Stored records
● ● ● ●

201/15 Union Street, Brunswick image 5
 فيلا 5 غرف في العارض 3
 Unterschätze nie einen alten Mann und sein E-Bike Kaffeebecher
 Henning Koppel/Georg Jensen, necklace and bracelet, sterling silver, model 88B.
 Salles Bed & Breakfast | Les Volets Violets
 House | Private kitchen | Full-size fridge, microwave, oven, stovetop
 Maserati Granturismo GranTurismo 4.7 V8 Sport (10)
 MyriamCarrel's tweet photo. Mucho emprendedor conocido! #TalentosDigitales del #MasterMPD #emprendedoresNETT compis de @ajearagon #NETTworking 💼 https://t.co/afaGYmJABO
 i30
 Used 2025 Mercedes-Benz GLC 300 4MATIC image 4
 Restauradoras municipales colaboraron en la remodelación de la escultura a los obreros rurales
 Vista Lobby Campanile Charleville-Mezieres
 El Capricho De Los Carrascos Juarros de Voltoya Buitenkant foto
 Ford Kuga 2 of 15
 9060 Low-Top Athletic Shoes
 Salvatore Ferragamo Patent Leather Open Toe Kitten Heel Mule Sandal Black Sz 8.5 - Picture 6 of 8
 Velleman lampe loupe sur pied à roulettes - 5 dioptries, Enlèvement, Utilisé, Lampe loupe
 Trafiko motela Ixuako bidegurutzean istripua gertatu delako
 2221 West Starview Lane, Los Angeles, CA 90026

● ● ● ●

* _WHAT THIS TASK INVOLVES_
Could you set down, word for word, only the lines above from the line with "El Capricho De" to the line with "Salvatore Ferragamo Patent", including both?

* _ANSWER FOR THE TASK_
 El Capricho De Los Carrascos Juarros de Voltoya Buitenkant foto
 Ford Kuga 2 of 15
 9060 Low-Top Athletic Shoes
 Salvatore Ferragamo Patent Leather Open Toe Kitten Heel Mule Sandal Black Sz 8.5 - Picture 6 of 8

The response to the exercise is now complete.